Work request: Taking the data below, please print only the lines from the line holding "8x10 Area Rugs" to the line holding "Students bustling through", inclusive, with pictures omitted.

Materials provided:

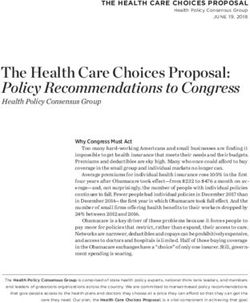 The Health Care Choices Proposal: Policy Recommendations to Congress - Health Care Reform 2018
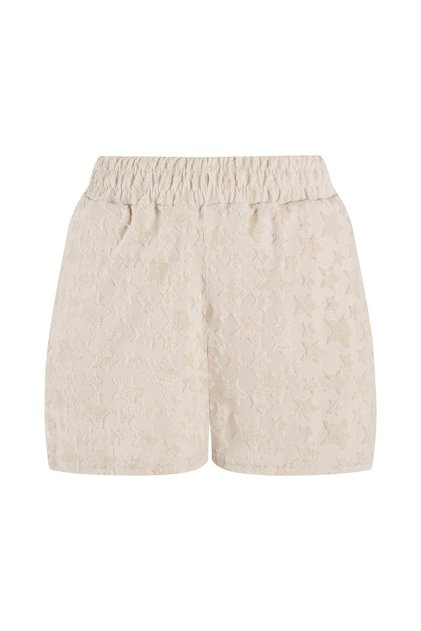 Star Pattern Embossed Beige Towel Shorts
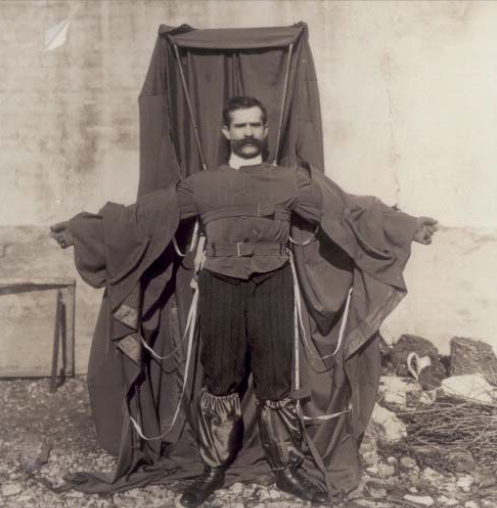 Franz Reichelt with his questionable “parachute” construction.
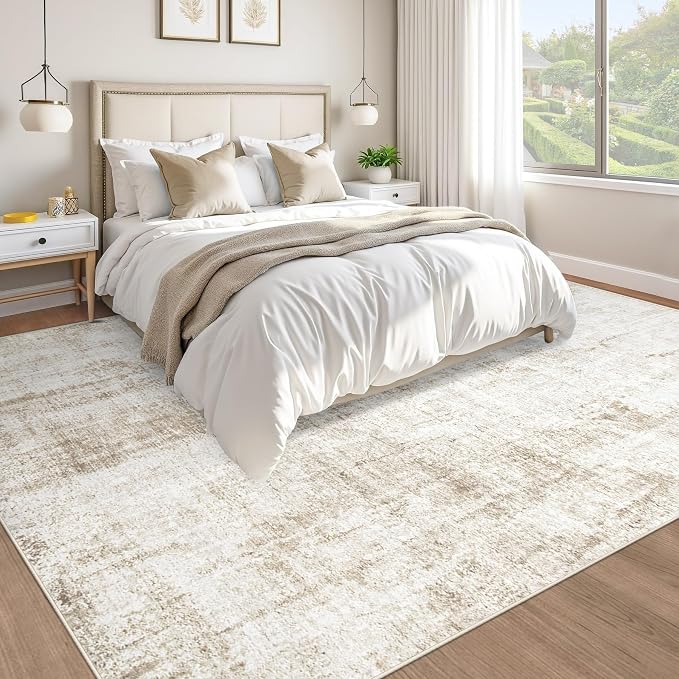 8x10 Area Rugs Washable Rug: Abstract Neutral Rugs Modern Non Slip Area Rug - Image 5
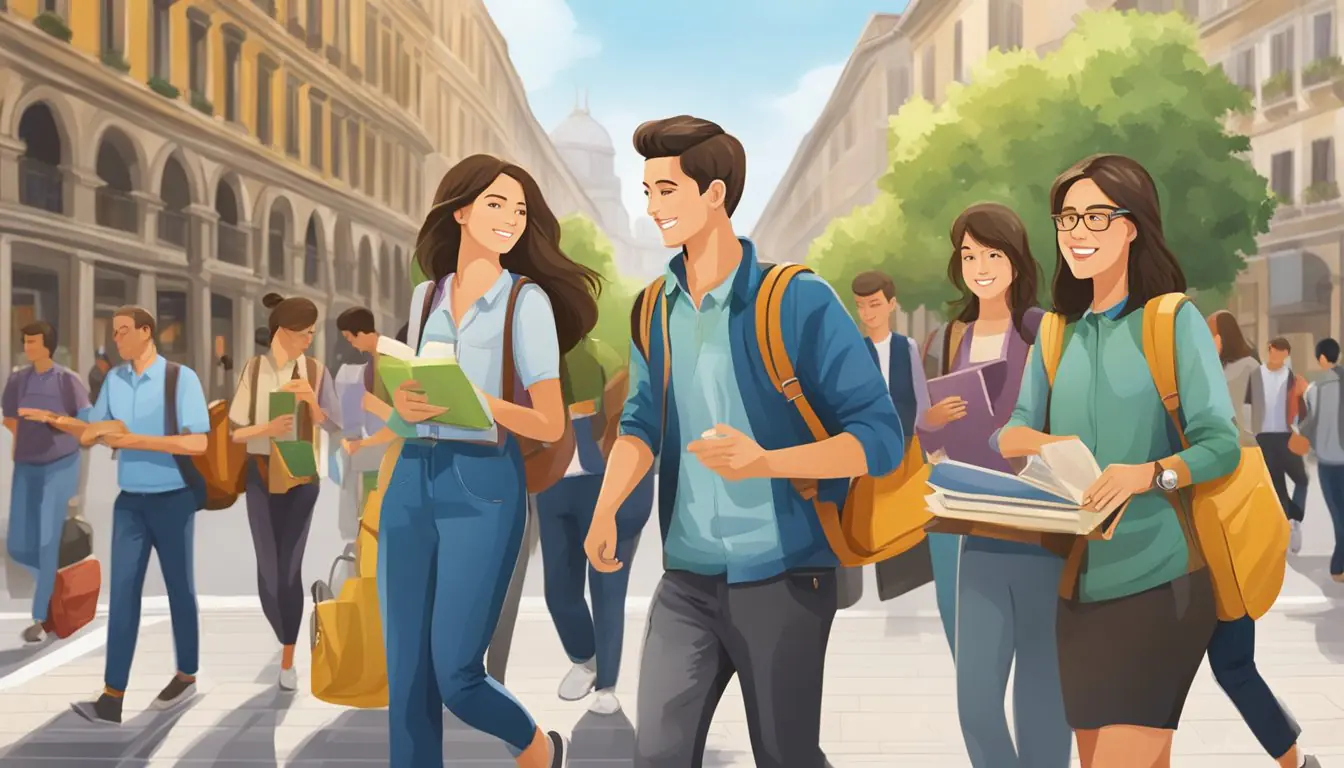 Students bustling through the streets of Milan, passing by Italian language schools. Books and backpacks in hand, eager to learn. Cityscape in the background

---

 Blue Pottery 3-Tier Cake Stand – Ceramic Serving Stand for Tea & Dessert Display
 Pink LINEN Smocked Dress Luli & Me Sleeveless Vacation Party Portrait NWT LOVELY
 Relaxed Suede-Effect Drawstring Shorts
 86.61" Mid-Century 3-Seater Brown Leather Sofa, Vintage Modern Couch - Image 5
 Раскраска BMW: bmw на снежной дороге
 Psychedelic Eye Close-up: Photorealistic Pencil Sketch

...

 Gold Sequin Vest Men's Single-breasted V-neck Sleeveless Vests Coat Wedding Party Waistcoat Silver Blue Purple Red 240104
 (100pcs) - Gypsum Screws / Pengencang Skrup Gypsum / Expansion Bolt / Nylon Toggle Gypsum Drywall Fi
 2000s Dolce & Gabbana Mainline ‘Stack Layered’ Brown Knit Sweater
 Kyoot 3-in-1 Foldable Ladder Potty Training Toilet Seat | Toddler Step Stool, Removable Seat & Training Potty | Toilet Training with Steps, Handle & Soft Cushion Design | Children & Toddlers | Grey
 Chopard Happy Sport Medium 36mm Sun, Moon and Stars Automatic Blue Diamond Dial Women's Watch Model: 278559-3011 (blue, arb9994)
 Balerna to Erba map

Response area:
 8x10 Area Rugs Washable Rug: Abstract Neutral Rugs Modern Non Slip Area Rug - Image 5
 Students bustling through the streets of Milan, passing by Italian language schools. Books and backpacks in hand, eager to learn. Cityscape in the background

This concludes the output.